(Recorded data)
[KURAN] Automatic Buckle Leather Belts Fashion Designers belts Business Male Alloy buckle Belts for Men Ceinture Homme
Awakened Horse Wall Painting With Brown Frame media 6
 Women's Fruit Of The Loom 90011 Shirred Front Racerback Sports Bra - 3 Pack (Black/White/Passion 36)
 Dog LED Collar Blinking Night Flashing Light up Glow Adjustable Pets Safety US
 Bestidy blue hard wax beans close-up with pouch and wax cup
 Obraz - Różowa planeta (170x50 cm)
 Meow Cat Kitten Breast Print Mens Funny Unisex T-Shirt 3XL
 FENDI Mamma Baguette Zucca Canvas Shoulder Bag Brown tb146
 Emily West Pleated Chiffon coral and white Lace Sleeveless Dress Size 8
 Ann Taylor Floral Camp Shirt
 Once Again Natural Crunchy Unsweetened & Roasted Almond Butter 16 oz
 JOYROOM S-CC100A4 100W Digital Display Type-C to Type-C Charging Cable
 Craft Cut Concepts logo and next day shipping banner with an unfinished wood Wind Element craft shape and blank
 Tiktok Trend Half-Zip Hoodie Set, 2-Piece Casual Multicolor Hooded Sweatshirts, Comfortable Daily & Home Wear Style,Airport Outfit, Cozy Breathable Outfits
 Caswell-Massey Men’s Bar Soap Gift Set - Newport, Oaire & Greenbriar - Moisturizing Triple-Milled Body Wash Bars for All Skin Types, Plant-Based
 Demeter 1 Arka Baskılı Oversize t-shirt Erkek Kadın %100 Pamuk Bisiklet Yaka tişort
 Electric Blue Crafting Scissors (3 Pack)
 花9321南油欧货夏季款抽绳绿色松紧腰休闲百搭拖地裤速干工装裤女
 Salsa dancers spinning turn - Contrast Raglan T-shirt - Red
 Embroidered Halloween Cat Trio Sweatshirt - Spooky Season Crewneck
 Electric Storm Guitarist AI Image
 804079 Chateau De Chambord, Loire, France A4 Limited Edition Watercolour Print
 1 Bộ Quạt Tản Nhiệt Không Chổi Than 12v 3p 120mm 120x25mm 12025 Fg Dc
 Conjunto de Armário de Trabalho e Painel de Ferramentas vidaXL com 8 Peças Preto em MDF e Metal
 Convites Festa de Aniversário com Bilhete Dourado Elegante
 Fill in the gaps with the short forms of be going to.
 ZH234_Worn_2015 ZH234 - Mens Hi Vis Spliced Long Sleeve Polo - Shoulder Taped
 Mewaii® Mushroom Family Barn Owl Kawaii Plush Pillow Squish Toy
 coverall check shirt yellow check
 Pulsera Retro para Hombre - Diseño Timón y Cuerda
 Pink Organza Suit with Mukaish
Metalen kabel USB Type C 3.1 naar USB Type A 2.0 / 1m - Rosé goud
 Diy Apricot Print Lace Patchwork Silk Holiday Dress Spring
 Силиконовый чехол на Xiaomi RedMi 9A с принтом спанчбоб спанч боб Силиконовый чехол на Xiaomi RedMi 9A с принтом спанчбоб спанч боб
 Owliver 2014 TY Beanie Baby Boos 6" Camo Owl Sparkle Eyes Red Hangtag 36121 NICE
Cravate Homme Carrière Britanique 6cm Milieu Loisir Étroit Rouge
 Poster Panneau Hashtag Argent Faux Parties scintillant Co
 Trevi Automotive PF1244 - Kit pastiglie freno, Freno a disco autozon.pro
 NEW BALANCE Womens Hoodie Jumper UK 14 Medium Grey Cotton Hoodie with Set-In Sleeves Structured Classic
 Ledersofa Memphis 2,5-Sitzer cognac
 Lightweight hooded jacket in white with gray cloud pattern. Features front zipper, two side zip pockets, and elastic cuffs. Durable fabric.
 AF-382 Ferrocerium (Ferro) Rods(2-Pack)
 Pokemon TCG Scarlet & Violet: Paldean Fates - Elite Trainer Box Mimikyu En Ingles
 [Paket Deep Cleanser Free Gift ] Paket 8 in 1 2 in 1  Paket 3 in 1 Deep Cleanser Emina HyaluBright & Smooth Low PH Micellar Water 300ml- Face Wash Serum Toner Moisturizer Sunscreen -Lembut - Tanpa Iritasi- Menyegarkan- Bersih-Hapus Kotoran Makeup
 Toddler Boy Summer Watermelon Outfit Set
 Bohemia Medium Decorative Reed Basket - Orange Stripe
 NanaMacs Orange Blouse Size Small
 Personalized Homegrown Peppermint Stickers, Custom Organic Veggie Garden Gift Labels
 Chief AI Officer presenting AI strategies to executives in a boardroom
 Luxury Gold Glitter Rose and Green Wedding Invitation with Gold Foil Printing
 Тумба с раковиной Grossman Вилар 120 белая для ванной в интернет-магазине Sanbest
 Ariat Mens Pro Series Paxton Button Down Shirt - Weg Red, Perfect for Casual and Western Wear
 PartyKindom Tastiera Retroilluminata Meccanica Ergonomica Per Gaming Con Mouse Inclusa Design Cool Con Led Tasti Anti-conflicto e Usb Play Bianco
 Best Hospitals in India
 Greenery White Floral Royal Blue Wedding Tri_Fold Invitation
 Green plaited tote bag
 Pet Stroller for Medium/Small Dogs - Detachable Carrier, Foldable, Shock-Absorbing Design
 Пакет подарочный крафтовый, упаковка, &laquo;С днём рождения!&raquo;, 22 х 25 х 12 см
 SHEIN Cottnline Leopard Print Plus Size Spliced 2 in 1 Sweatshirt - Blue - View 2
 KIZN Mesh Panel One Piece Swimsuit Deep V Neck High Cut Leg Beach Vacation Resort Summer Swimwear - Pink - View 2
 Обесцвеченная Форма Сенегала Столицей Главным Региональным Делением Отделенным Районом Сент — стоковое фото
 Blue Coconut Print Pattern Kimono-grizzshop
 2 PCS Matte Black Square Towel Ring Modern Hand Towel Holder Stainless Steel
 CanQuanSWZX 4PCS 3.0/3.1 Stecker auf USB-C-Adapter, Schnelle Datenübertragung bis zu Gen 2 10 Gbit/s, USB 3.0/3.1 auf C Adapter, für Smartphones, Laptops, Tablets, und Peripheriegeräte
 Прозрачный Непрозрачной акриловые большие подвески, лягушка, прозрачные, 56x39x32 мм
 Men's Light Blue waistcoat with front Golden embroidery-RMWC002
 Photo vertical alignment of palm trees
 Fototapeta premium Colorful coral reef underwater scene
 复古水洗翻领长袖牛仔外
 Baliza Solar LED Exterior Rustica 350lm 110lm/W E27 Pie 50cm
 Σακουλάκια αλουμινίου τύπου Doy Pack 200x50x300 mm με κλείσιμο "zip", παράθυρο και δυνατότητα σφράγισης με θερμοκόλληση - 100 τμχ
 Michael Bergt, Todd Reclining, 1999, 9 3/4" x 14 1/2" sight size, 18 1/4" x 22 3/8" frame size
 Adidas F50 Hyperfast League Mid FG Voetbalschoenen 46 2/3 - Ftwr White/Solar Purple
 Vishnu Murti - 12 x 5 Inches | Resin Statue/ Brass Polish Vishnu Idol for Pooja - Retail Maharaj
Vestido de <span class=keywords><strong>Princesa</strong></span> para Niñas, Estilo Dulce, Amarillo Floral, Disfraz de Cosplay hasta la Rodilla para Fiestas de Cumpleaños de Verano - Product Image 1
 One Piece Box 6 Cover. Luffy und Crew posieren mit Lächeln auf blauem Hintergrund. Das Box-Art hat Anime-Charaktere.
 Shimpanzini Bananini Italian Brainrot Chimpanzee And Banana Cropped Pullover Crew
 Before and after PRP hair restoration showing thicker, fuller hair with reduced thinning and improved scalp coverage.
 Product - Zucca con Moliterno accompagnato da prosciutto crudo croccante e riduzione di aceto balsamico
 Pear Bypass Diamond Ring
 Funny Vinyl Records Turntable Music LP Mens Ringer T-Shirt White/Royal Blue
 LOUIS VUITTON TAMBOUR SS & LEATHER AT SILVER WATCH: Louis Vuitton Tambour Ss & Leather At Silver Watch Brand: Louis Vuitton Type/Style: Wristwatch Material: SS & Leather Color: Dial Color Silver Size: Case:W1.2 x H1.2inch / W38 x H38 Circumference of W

- [WHAT TO WORK ON]: In your answer, include only the lines above starting at the line that holds "FENDI Mamma Baguette" and ending at the line that holds "Once Again Natural", copied exactly.

- [RESPONSE]:
 FENDI Mamma Baguette Zucca Canvas Shoulder Bag Brown tb146
 Emily West Pleated Chiffon coral and white Lace Sleeveless Dress Size 8
 Ann Taylor Floral Camp Shirt
 Once Again Natural Crunchy Unsweetened & Roasted Almond Butter 16 oz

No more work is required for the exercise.